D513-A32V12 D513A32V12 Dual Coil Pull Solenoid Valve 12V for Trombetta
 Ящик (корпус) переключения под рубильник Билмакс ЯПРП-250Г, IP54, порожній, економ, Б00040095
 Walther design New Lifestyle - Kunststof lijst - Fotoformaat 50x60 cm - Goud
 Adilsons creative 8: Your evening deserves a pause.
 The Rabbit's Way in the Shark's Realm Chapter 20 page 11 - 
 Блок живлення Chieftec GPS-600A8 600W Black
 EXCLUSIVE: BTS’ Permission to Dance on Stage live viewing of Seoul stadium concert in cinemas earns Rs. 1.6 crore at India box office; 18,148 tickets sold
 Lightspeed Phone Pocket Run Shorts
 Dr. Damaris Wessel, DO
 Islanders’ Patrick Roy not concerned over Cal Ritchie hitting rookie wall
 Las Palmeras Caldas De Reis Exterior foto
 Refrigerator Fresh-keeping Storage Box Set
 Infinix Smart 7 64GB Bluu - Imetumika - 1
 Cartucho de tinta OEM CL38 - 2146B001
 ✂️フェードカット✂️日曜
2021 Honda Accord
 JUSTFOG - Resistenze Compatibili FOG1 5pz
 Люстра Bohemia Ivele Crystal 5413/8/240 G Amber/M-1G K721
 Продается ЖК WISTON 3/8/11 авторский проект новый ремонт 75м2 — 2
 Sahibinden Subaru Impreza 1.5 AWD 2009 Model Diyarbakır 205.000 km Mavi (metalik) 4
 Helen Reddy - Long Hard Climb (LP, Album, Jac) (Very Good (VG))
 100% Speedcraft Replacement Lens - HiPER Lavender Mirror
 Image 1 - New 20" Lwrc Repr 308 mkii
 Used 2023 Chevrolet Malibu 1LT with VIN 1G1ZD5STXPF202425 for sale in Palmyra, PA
++++++++++++++++++++
> **WHAT TO DO**
Output only the lines from the one holding "100% Speedcraft Replacement" through the last line above, exactly as they appear.

> **ANSWER TO THIS EXERCISE**
 100% Speedcraft Replacement Lens - HiPER Lavender Mirror
 Image 1 - New 20" Lwrc Repr 308 mkii
 Used 2023 Chevrolet Malibu 1LT with VIN 1G1ZD5STXPF202425 for sale in Palmyra, PA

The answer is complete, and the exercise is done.